Saturday, February 22, 2014

this entry brought to you by nine inch nails, "closer"

I'm in the middle of reading a book about Ayn Rand called Goddess of the Market: Ayn Rand and the American Right, and I'm surprised at how little I hate Ayn Rand. Don't get me wrong, I find her philosophy to be monstrous and plainly incorrect. But it's not as if I can't understand why she felt that way.

She was a little girl during the Russian Communist revolution, which as a horrible regime based on collectivism pushed to the worst degree imaginable. She saw people around her get murdered and others disappear without a trace forever at the hands of the party. Her father was a beloved member of the community, yet his store was taken from him by armed guards.

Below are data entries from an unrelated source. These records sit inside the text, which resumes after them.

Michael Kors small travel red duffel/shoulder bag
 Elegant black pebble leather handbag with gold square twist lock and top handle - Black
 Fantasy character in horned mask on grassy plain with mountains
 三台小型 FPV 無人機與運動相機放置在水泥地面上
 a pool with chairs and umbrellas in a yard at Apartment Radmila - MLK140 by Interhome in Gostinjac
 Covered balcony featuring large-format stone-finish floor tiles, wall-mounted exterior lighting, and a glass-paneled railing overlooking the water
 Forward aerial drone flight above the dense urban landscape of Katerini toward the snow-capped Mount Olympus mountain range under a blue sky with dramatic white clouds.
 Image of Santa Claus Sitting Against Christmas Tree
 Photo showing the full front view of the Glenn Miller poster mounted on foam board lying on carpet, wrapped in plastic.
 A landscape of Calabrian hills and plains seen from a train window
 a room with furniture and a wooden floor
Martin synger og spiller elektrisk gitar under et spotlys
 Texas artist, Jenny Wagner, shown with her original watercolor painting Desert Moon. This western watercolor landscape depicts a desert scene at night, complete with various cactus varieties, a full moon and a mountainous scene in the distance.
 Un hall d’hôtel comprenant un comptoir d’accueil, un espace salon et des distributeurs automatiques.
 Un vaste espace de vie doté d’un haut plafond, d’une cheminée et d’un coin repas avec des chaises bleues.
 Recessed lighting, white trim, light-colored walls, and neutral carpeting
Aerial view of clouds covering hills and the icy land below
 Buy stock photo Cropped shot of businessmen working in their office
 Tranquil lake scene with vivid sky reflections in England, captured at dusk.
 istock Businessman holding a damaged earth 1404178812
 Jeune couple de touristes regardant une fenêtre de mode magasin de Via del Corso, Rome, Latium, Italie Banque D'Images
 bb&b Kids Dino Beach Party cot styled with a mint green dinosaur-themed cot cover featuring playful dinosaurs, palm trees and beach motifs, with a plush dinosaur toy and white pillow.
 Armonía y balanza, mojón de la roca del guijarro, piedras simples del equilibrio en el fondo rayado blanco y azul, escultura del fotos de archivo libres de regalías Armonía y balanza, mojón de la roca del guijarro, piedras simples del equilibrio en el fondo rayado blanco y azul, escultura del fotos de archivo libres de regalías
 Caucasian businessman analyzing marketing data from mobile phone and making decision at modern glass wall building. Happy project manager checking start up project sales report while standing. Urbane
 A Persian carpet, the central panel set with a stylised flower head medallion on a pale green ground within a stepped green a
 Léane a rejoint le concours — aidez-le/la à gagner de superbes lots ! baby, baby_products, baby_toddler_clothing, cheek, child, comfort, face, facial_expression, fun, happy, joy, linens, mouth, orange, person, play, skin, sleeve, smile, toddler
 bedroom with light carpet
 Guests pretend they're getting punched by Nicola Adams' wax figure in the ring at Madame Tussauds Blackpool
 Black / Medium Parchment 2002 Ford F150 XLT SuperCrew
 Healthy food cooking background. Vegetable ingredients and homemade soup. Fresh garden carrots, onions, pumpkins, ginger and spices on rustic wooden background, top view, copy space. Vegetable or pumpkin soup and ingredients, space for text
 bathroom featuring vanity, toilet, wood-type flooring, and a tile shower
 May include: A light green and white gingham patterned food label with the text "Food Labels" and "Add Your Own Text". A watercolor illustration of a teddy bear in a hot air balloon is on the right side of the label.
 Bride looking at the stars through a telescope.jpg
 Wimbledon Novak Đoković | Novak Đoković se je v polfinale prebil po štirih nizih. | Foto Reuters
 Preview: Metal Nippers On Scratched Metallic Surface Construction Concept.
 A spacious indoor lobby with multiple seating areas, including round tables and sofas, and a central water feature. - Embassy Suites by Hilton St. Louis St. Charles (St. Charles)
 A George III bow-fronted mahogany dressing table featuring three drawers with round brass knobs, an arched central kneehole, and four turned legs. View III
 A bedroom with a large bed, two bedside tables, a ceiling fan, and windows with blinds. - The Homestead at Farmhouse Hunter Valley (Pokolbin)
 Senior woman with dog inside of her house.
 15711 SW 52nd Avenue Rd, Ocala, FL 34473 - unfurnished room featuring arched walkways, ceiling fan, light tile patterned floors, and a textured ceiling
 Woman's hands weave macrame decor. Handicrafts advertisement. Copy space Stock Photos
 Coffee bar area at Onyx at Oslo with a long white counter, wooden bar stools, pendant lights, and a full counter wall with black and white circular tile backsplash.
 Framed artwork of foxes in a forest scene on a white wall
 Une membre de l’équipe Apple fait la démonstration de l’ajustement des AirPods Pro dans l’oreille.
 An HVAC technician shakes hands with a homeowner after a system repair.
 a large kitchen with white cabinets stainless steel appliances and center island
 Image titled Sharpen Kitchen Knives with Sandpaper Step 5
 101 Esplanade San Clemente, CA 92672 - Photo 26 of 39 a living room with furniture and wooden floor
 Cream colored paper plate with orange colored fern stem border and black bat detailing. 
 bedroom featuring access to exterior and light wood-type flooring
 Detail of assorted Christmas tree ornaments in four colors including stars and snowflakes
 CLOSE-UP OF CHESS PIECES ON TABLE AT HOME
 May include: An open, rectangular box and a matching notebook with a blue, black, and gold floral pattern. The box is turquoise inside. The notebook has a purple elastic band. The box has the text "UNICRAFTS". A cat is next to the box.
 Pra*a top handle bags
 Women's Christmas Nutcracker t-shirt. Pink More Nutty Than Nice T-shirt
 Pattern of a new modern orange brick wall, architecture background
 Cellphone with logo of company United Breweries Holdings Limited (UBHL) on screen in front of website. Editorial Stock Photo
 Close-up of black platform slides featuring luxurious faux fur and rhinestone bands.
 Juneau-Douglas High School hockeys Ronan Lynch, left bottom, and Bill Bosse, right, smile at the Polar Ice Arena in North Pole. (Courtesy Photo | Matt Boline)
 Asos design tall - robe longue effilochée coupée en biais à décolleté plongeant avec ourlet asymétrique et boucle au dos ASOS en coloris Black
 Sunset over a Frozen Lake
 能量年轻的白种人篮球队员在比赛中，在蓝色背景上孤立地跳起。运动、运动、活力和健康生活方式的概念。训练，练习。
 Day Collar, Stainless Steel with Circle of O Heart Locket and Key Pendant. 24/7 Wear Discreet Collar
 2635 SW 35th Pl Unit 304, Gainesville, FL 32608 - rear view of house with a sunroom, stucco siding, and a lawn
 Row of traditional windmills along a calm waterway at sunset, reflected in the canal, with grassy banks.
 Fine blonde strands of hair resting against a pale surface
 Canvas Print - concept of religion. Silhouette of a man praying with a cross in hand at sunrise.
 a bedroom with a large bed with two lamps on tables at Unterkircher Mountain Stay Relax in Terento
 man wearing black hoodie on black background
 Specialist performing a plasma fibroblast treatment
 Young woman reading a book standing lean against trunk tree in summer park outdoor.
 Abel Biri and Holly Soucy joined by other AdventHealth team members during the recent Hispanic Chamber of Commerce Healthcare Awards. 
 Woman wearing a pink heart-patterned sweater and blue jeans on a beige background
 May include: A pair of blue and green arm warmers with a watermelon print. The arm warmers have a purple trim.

Her entire family was educated, yet they were pushed nearly to the brink of starvation.

Furthermore, Rand herself admits feeling abnormal as a kid, unable to have conversations with other children without them turning into arguments. She says she found it difficult to feel normal. He journal was filled with aphorisms to "be normal, be calm", so it's clear that the woman had social disorders.

So when she came to America, of course a woman with undiagnosed social disorders from the Communist revolution would think all forms of collectivism were evil. Of course she was paranoid and found communists everywhere. Of course.

But here is what I find fascinating about her place in American Conservatism. In my opinion, she should be a nightmare for religious people. She's like the cartoon character that all religious people assume atheists are actually like. She was not only an atheist, but she found religion amoral and did not hesitate in saying so. She admired a notorious murderer of her time named William Hickman and wrote that he was "the best and strongest expression of a real man's psychology I have heard", modeling the main character of several her stories after him. The hero of several of her stories, which she intended to be political statements and its characters representative of her philosophy, brutally rapes women. She thought that egotism isn't just a positive thing, but a moral thing. She thought altruism is immoral and thought that it directly caused all of the major calamities of western society.

The only cartoonish thing that she didn't do that Christians suspect of atheists is eat babies.

Which is why I find it baffling that her philosophy has been embraced by the American right to the point that they refer to it like it's the unerring truth. Indeed, her entire philosophy seems to be rooted in every part of their existence. The very same people who think we should teach creationism in school, trying to stop abortions (which Rand believed in), the people's whose every concept is justified by what God or Jesus would want, embrace Ayn Rand as if she were some sort of prophet.

And of course, anyone can say that they admire a person's philosophy without buying into the entirety of where the person comes from. That's valid. Freud was wrong about a whole lot of things, but that doesn't mean that he was fundamentally wrong in his pursuit of understanding the human mind's psychology.

Except in Rand's case, she would argue that her atheism was in fact the very basis of her ideas, and would refer to anyone who had a religious belief or used their religion in any political philosophy as "irrational", which was her ultimate dismissal. And irrational person shouldn't even be allowed at the table of discussion in her mind.

The American Right's utter worship of Ayn Rand shows exactly how much the American right's concept of Christianity has mutated from its source.